§ **Work to complete**
From the line containing "Home Accent 🐧" down to the final line of the entries below, quote every line verbatim. Exclude pictures.

§ **Source records**
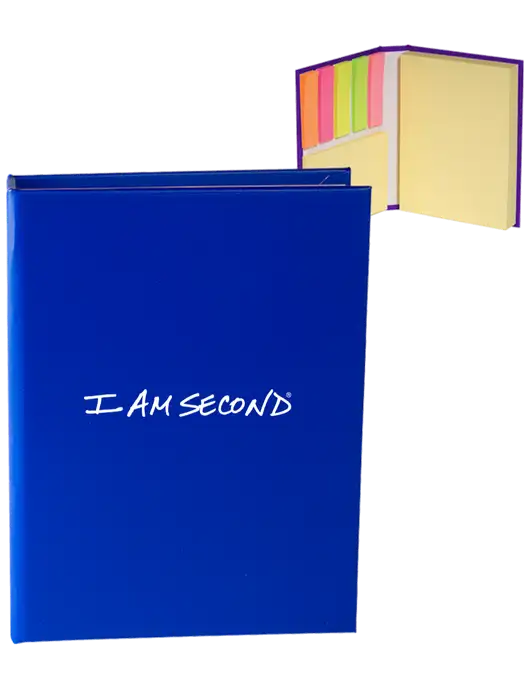 Dark Royal Blue Sticky Book Folio, 3.125 x 4.125 w/I Am Second Logo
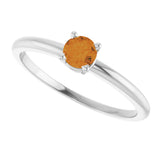 Sterling Silver Natural Citrine Ring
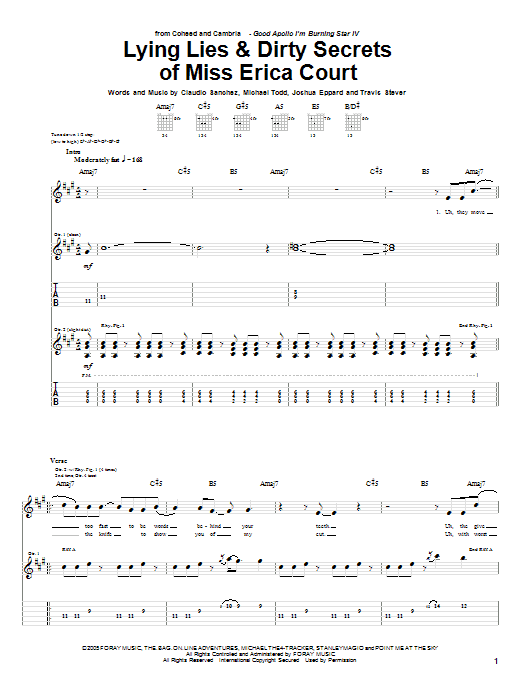 Coheed And Cambria Lying Lies & Dirty Secrets Of Miss Erica Court Sheet Music Notes & Chords for Guitar Tab - Download or Print PDF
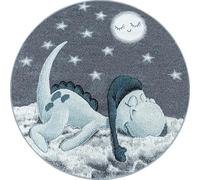 Carpetsale24 Tapis pour Enfants, Couleur Bleu, Conception de Dinosaure, 25087, Tapis Ronde, Tapis Chambre d'enfant Chambre bébé, 120 cm Rond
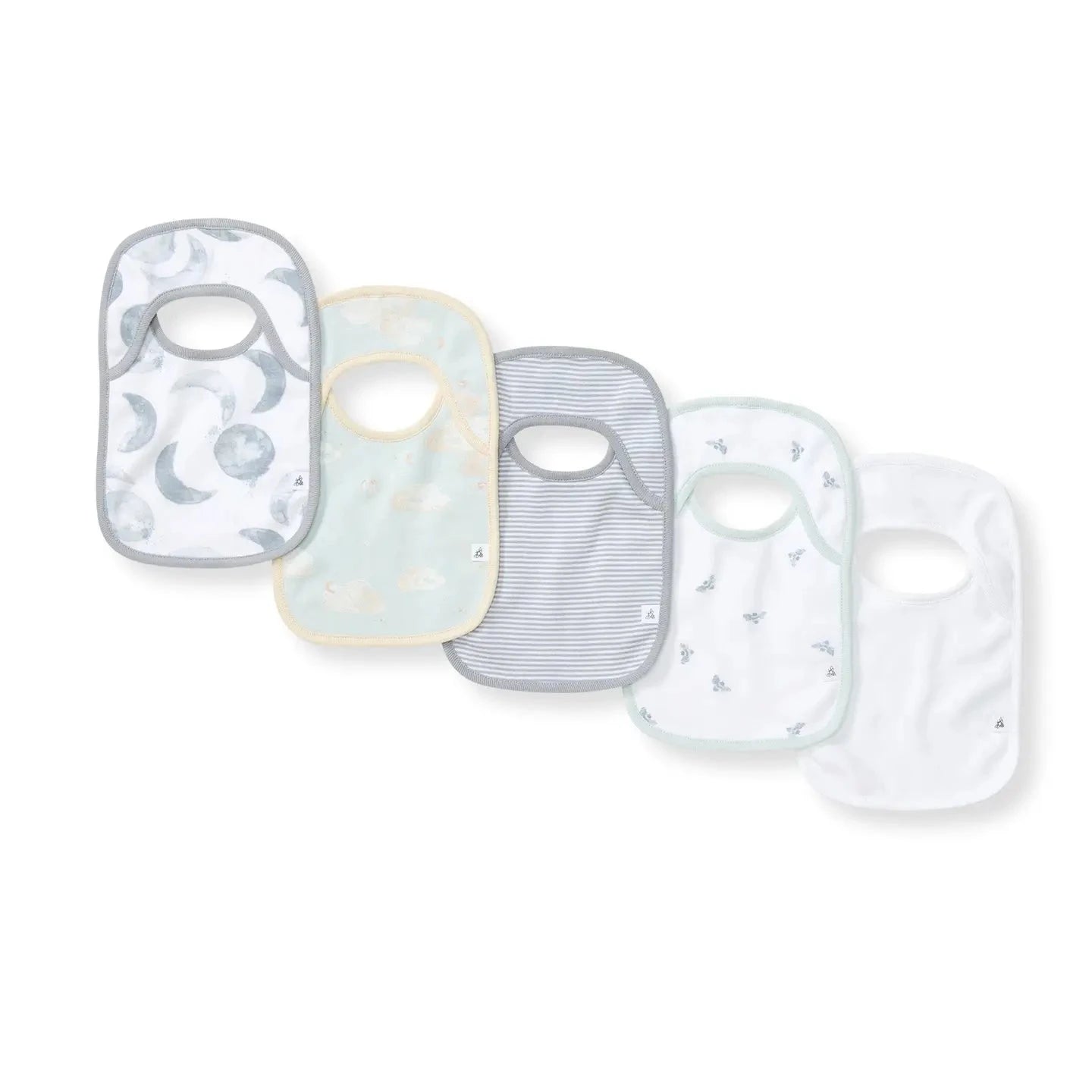 Set of 5 Hello Moon Lap Shoulder Bibs Burt's Bees Baby Lil Tulips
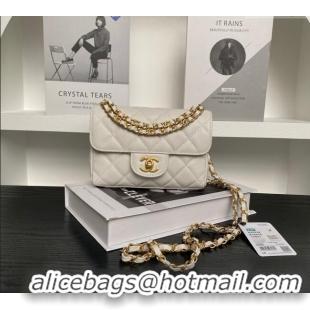 Good Quality Chanel Grained Calfskin Mini Flap Bag AS5239 White 2025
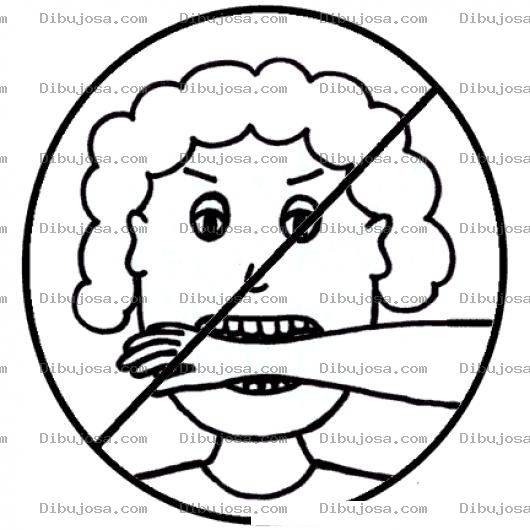 Dibujo para colorear Prohibido Morder Dibujo De Un Cartel Que Dice Que No Se Permite Las Mordeduras Para Pintar Y Colorear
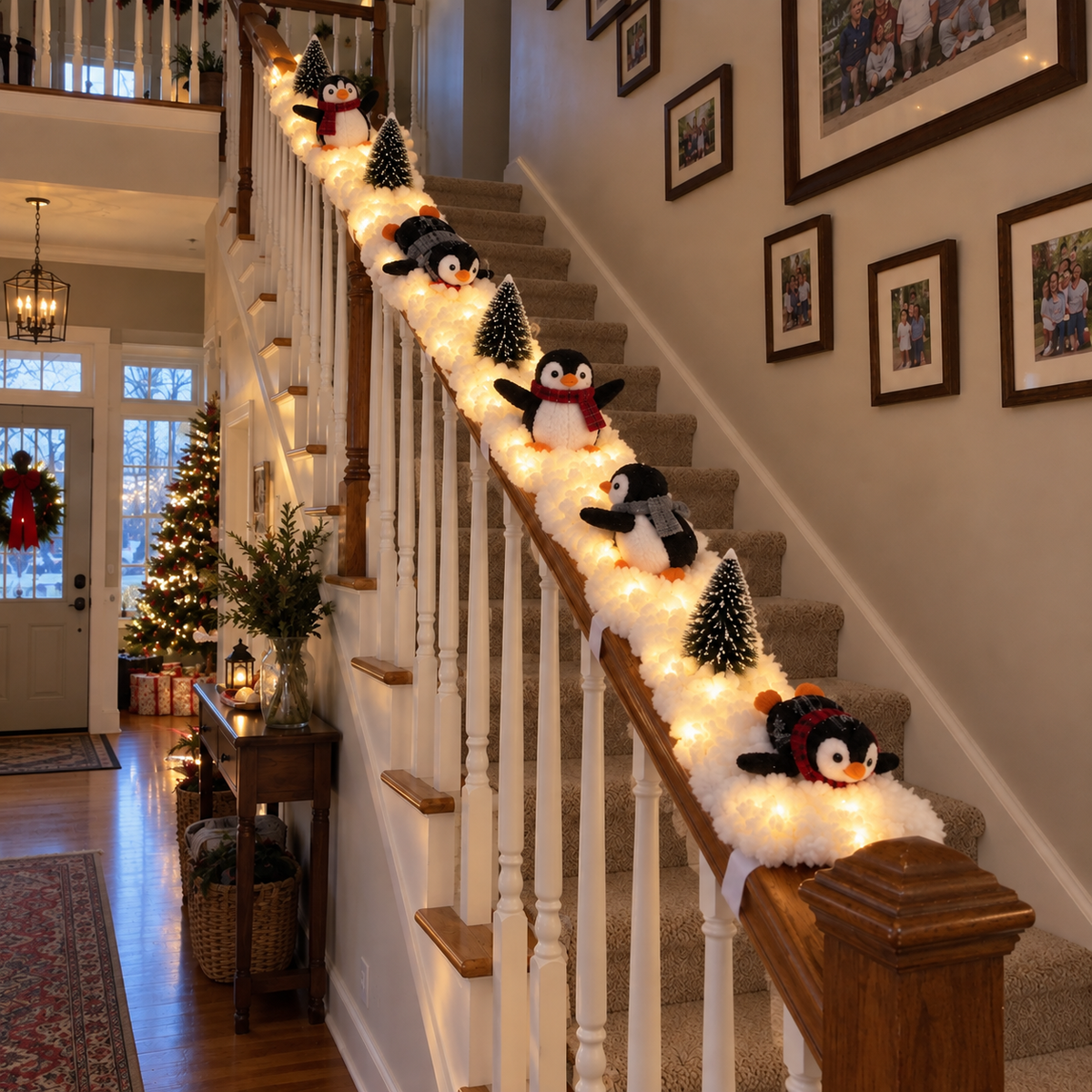❄️ Lighted Christmas Penguin Decoration | Cute Snowy Stair Railing Décor | Festive Holiday Home Accent 🐧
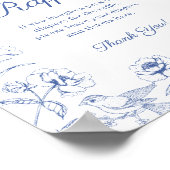 Blauw Chinoiserie Baby shower Luier Raffle Teken Poster (Hoek)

§ **Your response**
❄️ Lighted Christmas Penguin Decoration | Cute Snowy Stair Railing Décor | Festive Holiday Home Accent 🐧
 Blauw Chinoiserie Baby shower Luier Raffle Teken Poster (Hoek)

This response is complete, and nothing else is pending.